As a business leader, it can be easy to let your professional branding fall to the wayside. You’re busy running a company, leading a new corporate division, or meeting with stakeholders regularly. 

With what little spare time you have left at the end of the day, you probably don’t want to spend it positioning yourself how you’d like to be seen professionally. We’re here to tell you that you should take a moment to brand yourself, and particularly the importance of your executive biography for your career.

If you know that it’s important to have a corporate bio but are unsure of how to write it, keep reading to find out how to write a corporate biography, with a few examples included.

What is an Executive Bio?

An executive bio or professional bio is a one-page document outlining your achievements, skills, core competencies, and results as a leadership professional. Essentially, it’s a sales document for you to pitch yourself to companies!
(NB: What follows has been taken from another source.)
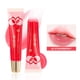 thumbnail image 1 of Xihbxyly Ofertas del Prime Day Bálsamo labial color, labios volumétricos, extracto de frutas, hidratante, cambia de color, reparador, nutritivo y duradero, 17 ml, 1 of 2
Be careful, though, because your executive profile is not the same thing as your resume. Writing your executive bio with the mindset of writing a resume is an easy trap to fall into. Your resume is a chronological document stating your work experience and relevant skills for a certain position, whereas your executive bio looks one layer further out.

how to write an executive bio

Why Your Executive Biography is More Important Than Your Resume

Your executive bio sets the tone for any prospective business partner or company’s first impression of you. The executive profile serves as an example of what someone might expect if they were to bring you onto their team.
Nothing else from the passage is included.